TRAVELLERS International Hotel Group Inc. (TIHGI), the gambling arm of businessman Andrew Tan, on Friday said it will spend up to P10 billion this year, mainly for the construction of the third phase of the expansion of Resorts World Manila in Pasay City.
“The combined costs for Phase 2 and Phase 3 [of the expansion of Resorts World Manila] is around $400 million to $450 million. So, the P8 billion to P10 billion capital expenditure [capex] will be for the completion of Phase 2 and mainly for the construction of Phase 3,” Kingson Sian, company president and CEO told reporters after the firm’s stockholders’ meeting on Friday.
TIHGI is a joint venture of Tan’s Alliance Global Group Inc. and Malaysia’s Genting.
The third phase of development will house three hotels, more casino facilities and retail stores, Sian said.
The second phase will be completed in September and the bulk of the P8 billion to P10 billion capex will be utilized for the construction of Hilton and Sheraton hotels, as well as Maxims Hotel’s new wing, which will have 357, 391 and 191 rooms, respectively.

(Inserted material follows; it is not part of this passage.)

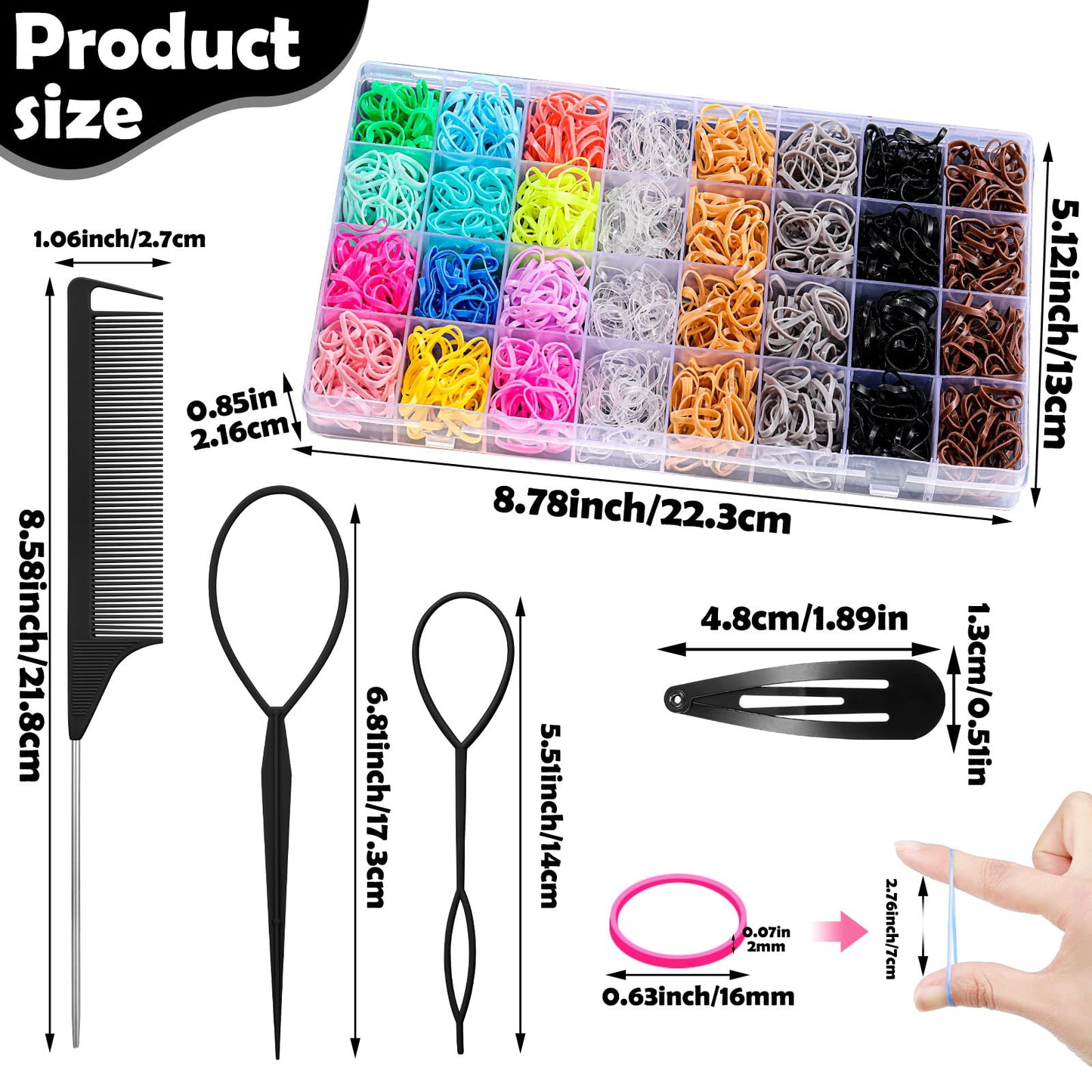 auroray Hair Ties, 17 Colors Elastic Hair Rubber Bands, 2000 Pcs Baby Hair Ties with Hair Styling Tools Organizer Box for Girls, Women, Toddler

The third phase will have 14,000 square meters of gaming facility, and 3,200 sq m of retail stores.
Meanwhile, the second phase, which has no gaming facility, will have 228 new hotel rooms for Mariott Hotel Manila’s west wing plus additional entertainment areas in Remington Hotel.
“The ongoing expansion will increase existing inventory of hotel rooms from the current 1,700 rooms to 2,645 rooms. Together with over 18,000 sq m of retail space, a theater, the country’s largest ballroom and multiple entertainment venues, we are on course to becoming one of the premier integrated entertainment and tourism destinations in Asia,” Sian added.
The third phase of expansion, meanwhile, will be open in different stages, starting end of next year through 2018.
“At present, the nongaming business merely accounts for 10 percent to 15 percent of our revenues, and that gaming remains our strongest revenue driver. But, hopefully, we want to increase the nongaming’s contributions up to 30 percent of our total revenues,” Sian said.
Last year gaming revenues amounted to P24.2 billion as against its nongaming revenue of P3.5 billion.
“With the oversupply situation [of gaming facilities] now, obviously, it will take time for the market to absorb it. The amount of supply comes in in such a short period of time. But having said that, our view of the future is very bright; otherwise, we will not be investing,” Sian added.
“We are hoping that we will be exempt from the liquor and smoking ban in our casinos,” he said, adding that the fourth phase of Resorts World Manila’s development will no longer have a casino facility. The construction of that phase will start in 2018 at the earliest.